What is required:
Restate exactly the lines of the entries below, beginning with the first and ending with the line that holds "Annuncio funebre Aurelio Butti". Pictures are not copied.

Stored data:

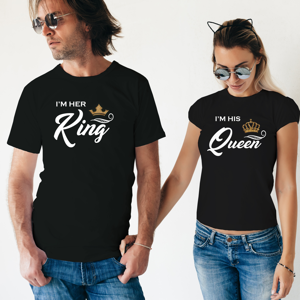Párová trika The King a His Queen -  skvělý dárek nejen k Valentýnu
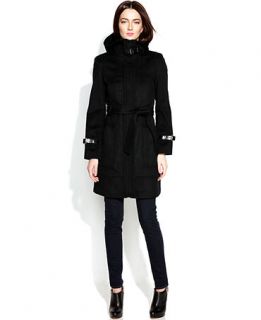 Calvin Klein Hooded Buckled Wool Blend Coat   Coats   Women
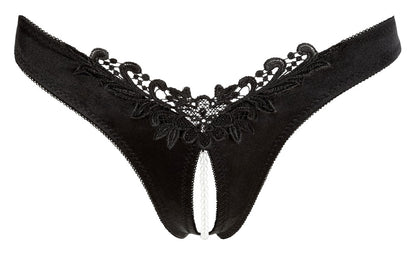 Stringi z perełami Cottelli Lingerie czarny XL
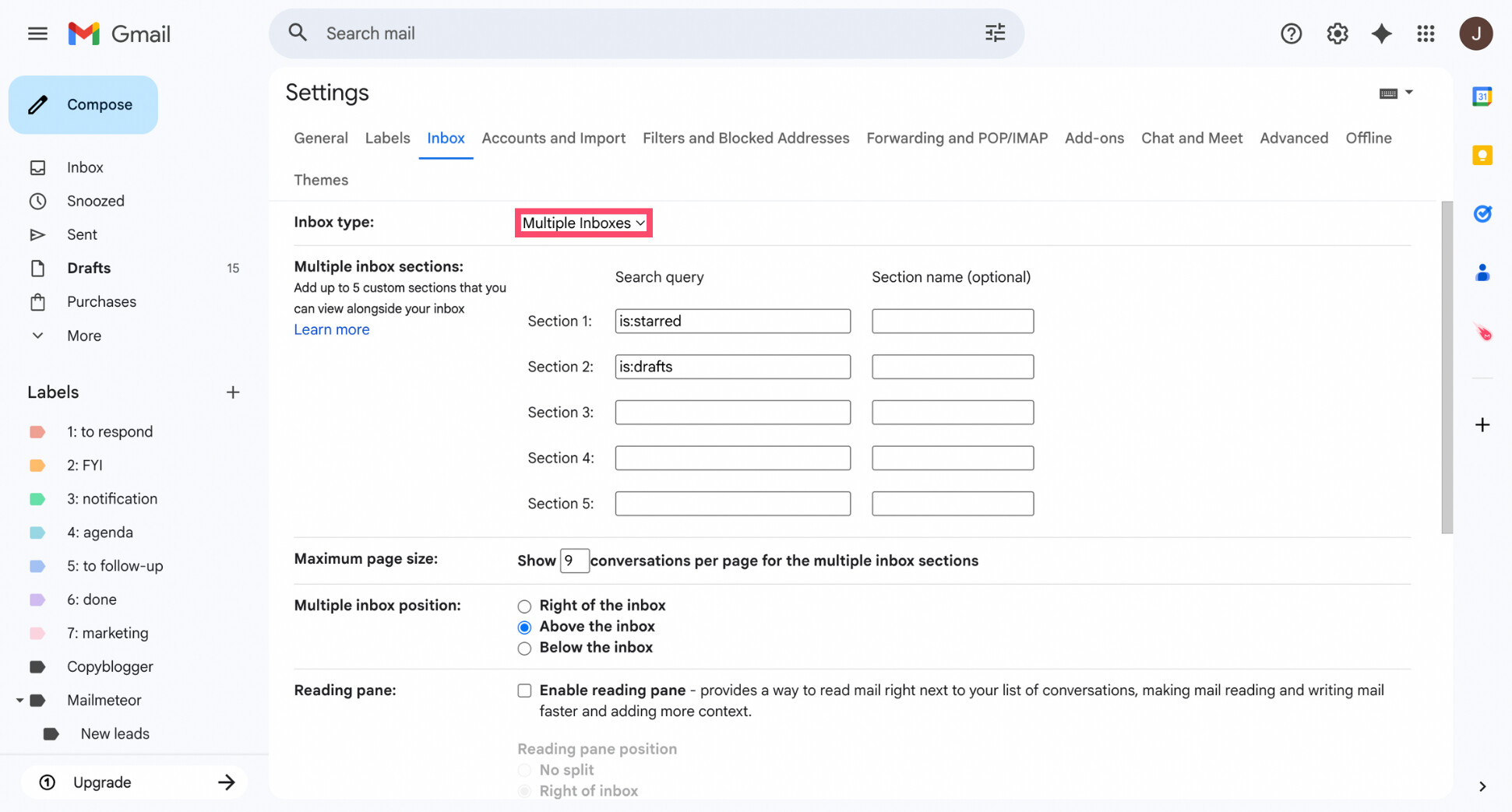 Gmail Inbox type options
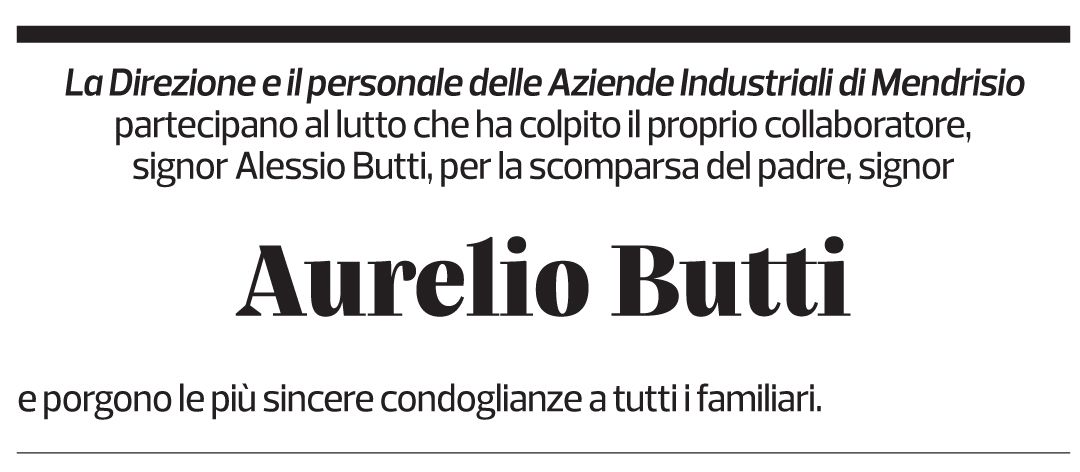 Annuncio funebre Aurelio Butti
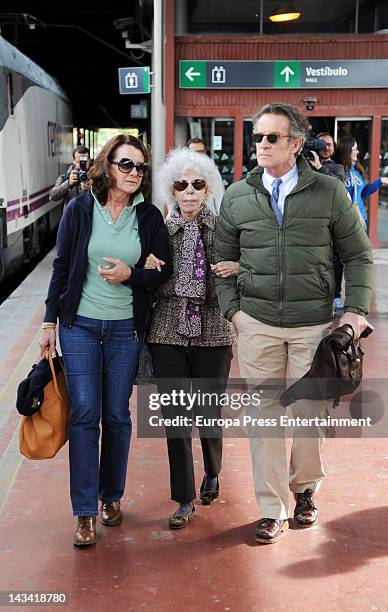 Dukes of Alba Cayetana Fitz-James Stuart and Alfonso Diez are seen starting their Honeymoon on April 25, 2012 in Madrid, Spain.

Solution to this problem:
Párová trika The King a His Queen -  skvělý dárek nejen k Valentýnu
 Calvin Klein Hooded Buckled Wool Blend Coat   Coats   Women
 Stringi z perełami Cottelli Lingerie czarny XL
 Gmail Inbox type options
 Annuncio funebre Aurelio Butti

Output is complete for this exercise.